Activity:
With the pictures left out, please write out exactly each line from the one containing "KANLVU Sandbilder Sandscape" through the end of the material.

Provided material:
Segment Open

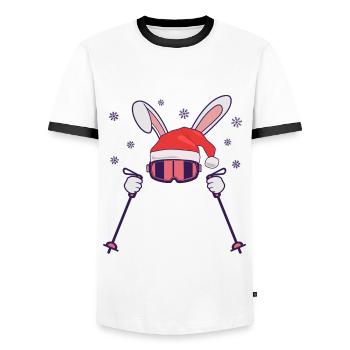 Skiing Santa Rabbit with Santa Hat and ski poles - Men's Ringer Shirt - white/black - Front - AI Model Female 172 light (172cm) & AI Model Male 178 dark (178cm)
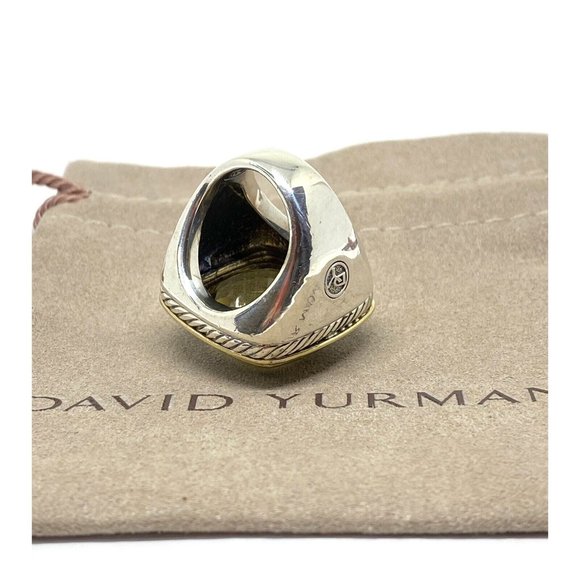 $3250 DAVID YURMAN 18K GOLD SS DIAMOND ALBION EXTRA LARGE LEMON QUARTZ R… - Picture 4 of 16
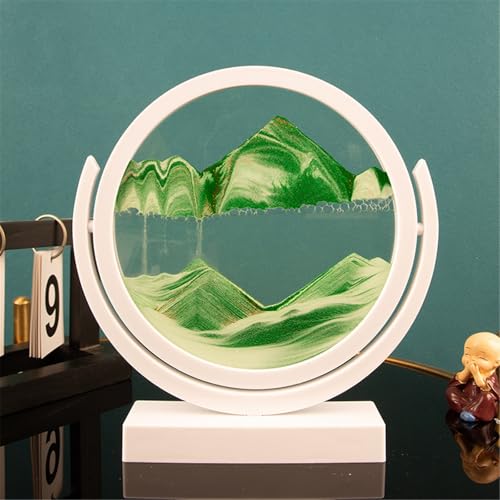 KANLVU Sandbilder Sandscape 3D Flüssige Bewegung Dynamischer Schreibtisch 360° Drehbar Fließende Sandmalerei Für Büro Meditation Stressabbau(Green,8IN_White Frame) von KANLVU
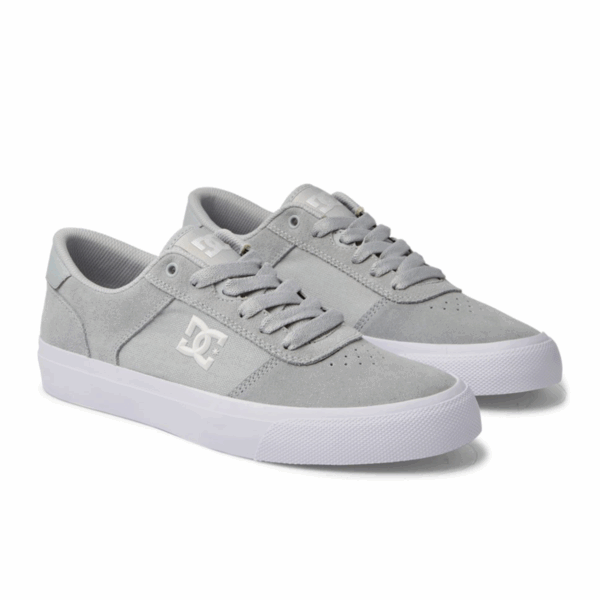 Tenis Para Hombre Gris Blanco Dc Shoes Teknic Gamuza - Imagen 2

Segment Closed

Answer box:
 KANLVU Sandbilder Sandscape 3D Flüssige Bewegung Dynamischer Schreibtisch 360° Drehbar Fließende Sandmalerei Für Büro Meditation Stressabbau(Green,8IN_White Frame) von KANLVU
 Tenis Para Hombre Gris Blanco Dc Shoes Teknic Gamuza - Imagen 2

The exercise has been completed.